Records for this task

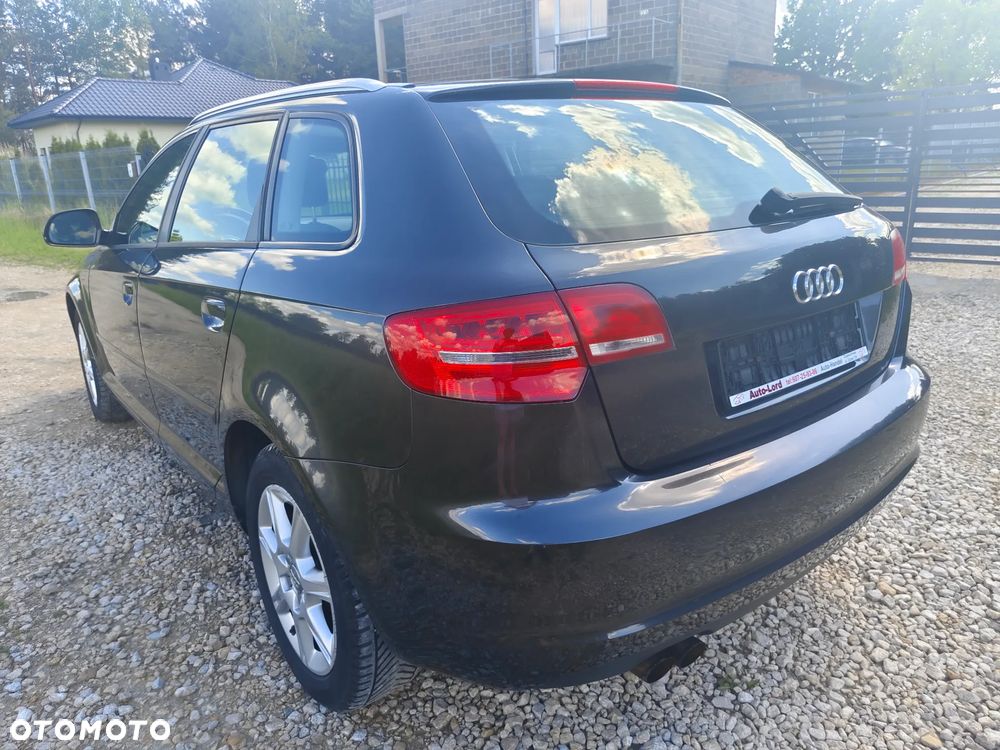 Audi A3 Sportback 1.4 TFSI Attraction - 7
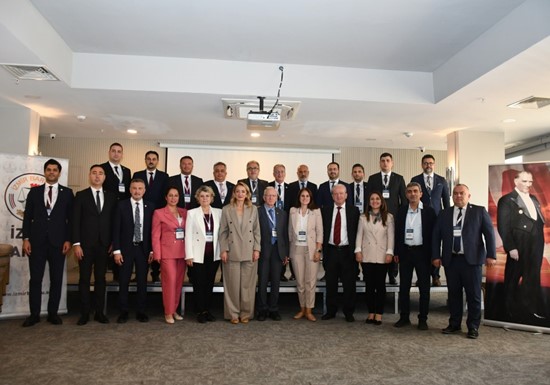 EGE - MARMARA BARO BAŞKANLARI TOPLANTISI SONUÇ BİLDİRGESİ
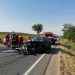 Tragedie pe șosea | Doi morți într-un grav accident, pe DN 19, în Biharia. Printre ei și un copil de 6 ani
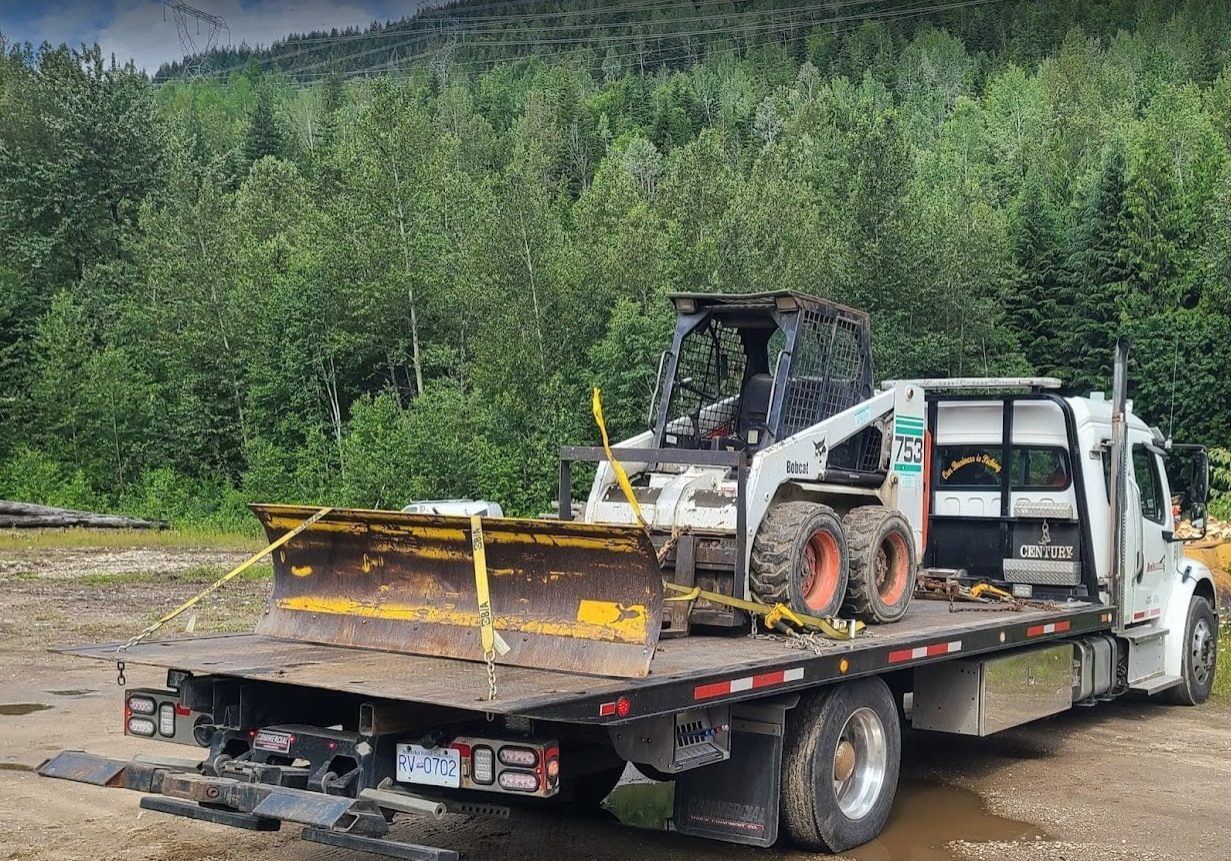 Ben's Towing Revelstoke Gbp Pull (2)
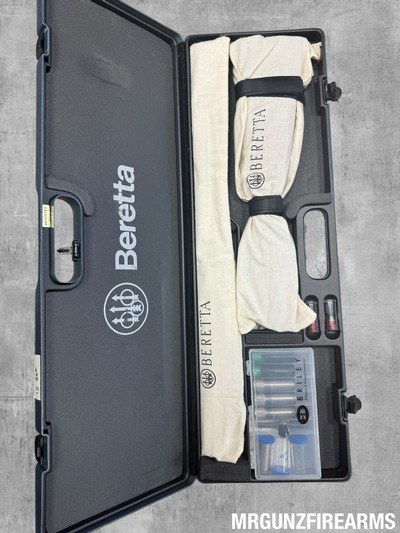 Beretta 687 Extra over/under shotgun - Image 6 of 6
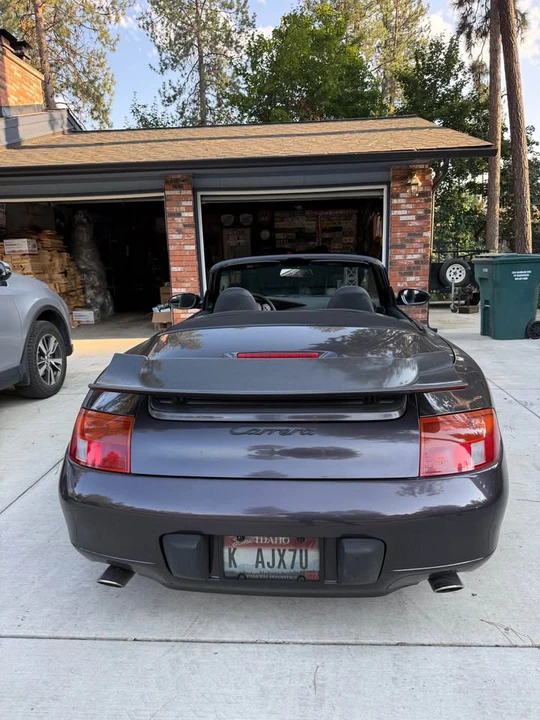 2000 Porsche 996 Carrera - Image 15 of 20
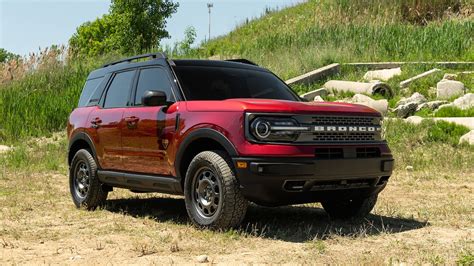 Ford Bronco Sport 2021 Primer Vistazo Motor Trend En Español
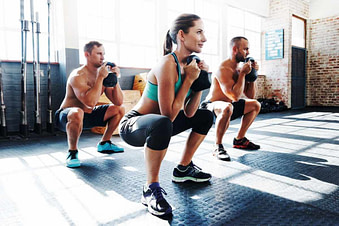 krachttraining voor beginners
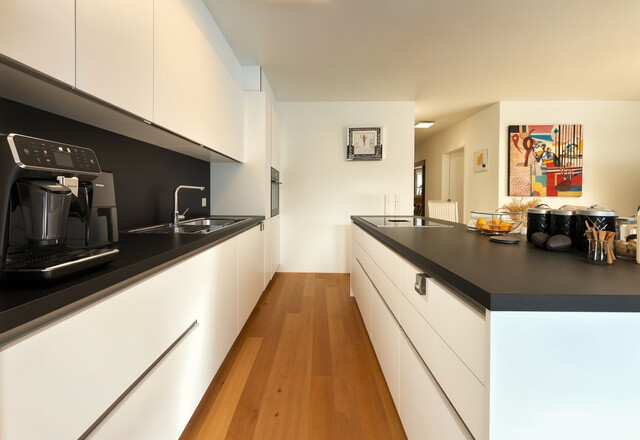 Attraktive 4-Zimmer-Dachgeschosswohnung mit modernster Ausstattung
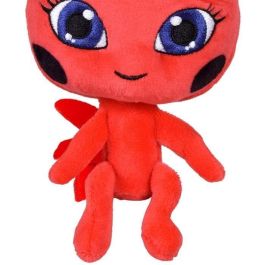 Peluche Tikki - BANDAI - Miraculous - Creación Kwami Peluche Tikki - BANDAI - Miraculous - Creación Kwami
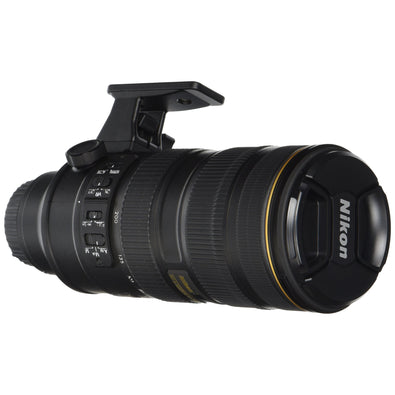 Nikon 70-200mm f/2.8G ED VR II AF-S Nikkor Zoom Lens For Nikon Digital SLR Cameras International Version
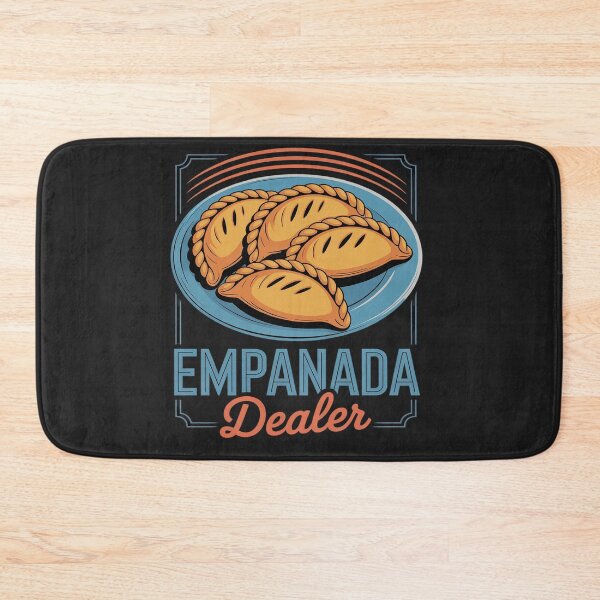 Item preview, Empanada Dealer Food Dessert Latin Pastry designed and sold by Rackaam.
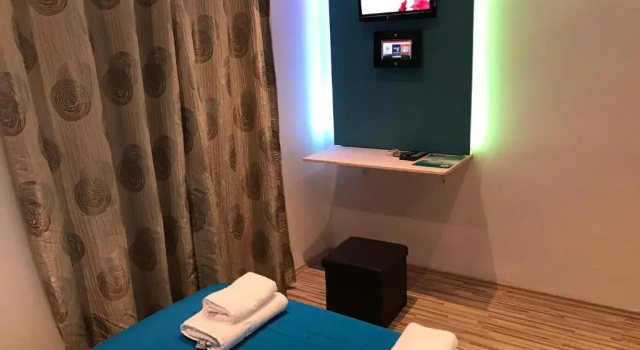 Апартаменты Atlantis Hotel
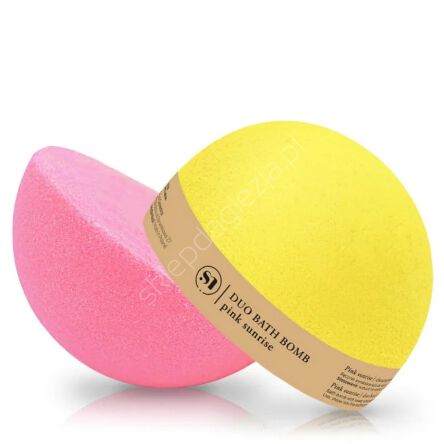 Kula do kąpieli Duo Pink Sunrise 200g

What is expected
Your copy should repeat each entry above exactly but contain no pictures.

Task solution
 Audi A3 Sportback 1.4 TFSI Attraction - 7
 EGE - MARMARA BARO BAŞKANLARI TOPLANTISI SONUÇ BİLDİRGESİ
 Tragedie pe șosea | Doi morți într-un grav accident, pe DN 19, în Biharia. Printre ei și un copil de 6 ani
 Ben's Towing Revelstoke Gbp Pull (2)
 Beretta 687 Extra over/under shotgun - Image 6 of 6
 2000 Porsche 996 Carrera - Image 15 of 20
 Ford Bronco Sport 2021 Primer Vistazo Motor Trend En Español
 krachttraining voor beginners
 Attraktive 4-Zimmer-Dachgeschosswohnung mit modernster Ausstattung
 Peluche Tikki - BANDAI - Miraculous - Creación Kwami Peluche Tikki - BANDAI - Miraculous - Creación Kwami
 Nikon 70-200mm f/2.8G ED VR II AF-S Nikkor Zoom Lens For Nikon Digital SLR Cameras International Version
 Item preview, Empanada Dealer Food Dessert Latin Pastry designed and sold by Rackaam.
 Апартаменты Atlantis Hotel
 Kula do kąpieli Duo Pink Sunrise 200g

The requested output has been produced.